1997年、21歳のときにCDデビューってことですからもう10年越え選手なんですねー。
私がワット・モハモントレイの坊さんから彼のことを教えてもらってカセットとVCDを手にしたのが2000年あたりですが、当時は彼が男前っていう感覚がよく分かりませんでした。
今改めて見てみると、永井大とサバンナの八木君を足して2で割ったような顔…やっぱりちょっと微妙か(笑)

軍隊上がりのややマッチョな体格(っちゅーても芸術隊)をみせびらかすように大きく開けた開襟シャツに天パな髪型、更にナルシストな歌い方にはかなり強烈な印象をもちましたが、カッコだけでなくルークトゥンやラムヴォンなどの演歌・民謡系の歌もしっかり歌える人ってことにもびっくりしたことを覚えています。

売り出し当時、カンボジアにはまだまだ内戦以前の音楽が主流でして、Sin sisamoth(シン・シーサモッ)やRos Sreisothea(ロス・スレイソティア)らが大人気だったような気がしますが、それとは別に洋楽やタイ、中国、日本などの近隣ポップナンバーの歌を歌ってリリースするカラオケシンガーというのも存在してました。

元々著作権などクソ食らえなアナーキーな状態ですから、自分で曲を作っていたらいつまでたっても音楽で食べていけないのが現状だったカラオケシンガーはとにかく歌って歌って歌いまくって稼ぐしかなかったみたいですね。
彼も1年で何千もの曲を歌ってリリースしてきたそうですから、そりゃあ好き嫌い言うてられません。
彼を王者という所以はそれなんです。

彼が歌ってた曲にはタイポップのヒット曲も多数ありまして「DoReMi」や「Om Pra Mah Pood」などのポップやらGOTのルークトゥンナンバーなんかもクメール語でカヴァーしてましてとにかくカンボジア国内での彼の人気は絶大でした。

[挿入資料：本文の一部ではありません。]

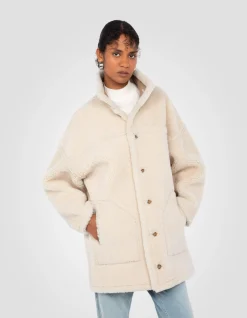 Manteau long sable réversible, mouton double face - SABLE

前述にも彼のヘンなナルシストっぷりを書いてますが、決してイラっとこないナルシストっぷりだということを改めて付け加えておきます(笑)

ま、今ではそのナルっぷりと髪型も堂に入ってて違和感はありま…すかね?


こんな髪型のときもありました。

能天気なアナーキスト、陳 和美

久しぶり、且つ2010年最後のお話。
ここ数年はアジア音楽の中でも日本の昭和歌謡にハマってまして、そこから色々な糸を手繰り寄せていくと色んなものにぶち当たるのです。
その中のひとつが陳 和美。

衣装やら髪型などから昭和時代に活躍してはった人なんだろうというのは察しがつきますが、彼女が日本で活躍していたのかとかという詳細は分からずじまいです。
ただ、今回ネット徘徊の末に判明したことがあります。
彼女はおそらく日本の歌を中心に歌う歌手で、演歌やポップから特撮ヒーローものまでをこなすマルチシンガーってこと。
活躍時期は1970年代前半で中文詞を聴いてみると広東語っぽいから香港を中心に活躍してた人なんかなぁてことくらいです。

まずは、ひとつお聴き下さいな。



まるで迫ってくるショッカーを楽しみにしているようなワクワク感が伝わるような能天気さが魅力です。
更に「らいらーい…ヂャンッ」で、びつくりしました。

ま、この曲以外のしっとり系バラードも、彼女が歌うとこんなに能天気になってしまうのです。



これ、岡田可愛の歌らしいです。
岡田可愛といえば『サインはV』ですね。
岡田可愛って歌は正味の話うまいとは云えませんが、たどたどしい歌い方に情緒を感じさせてくれる歌い手でした。
たぶん、そのへんを長所として捉えられる歌がこれだったんでしょうが、陳 和美が歌うとこうなります。

更にこれ。



歌詞の意味を理解しているとは思えない能天気さからすると、日本では活躍してないんかもしれないですね。
他にもレッドバロンの主題歌やなんかも歌ってますが、一体これらの日本語詞の曲が当時の香港や中国大陸の間でどれだけ需要があったんでしょうかね。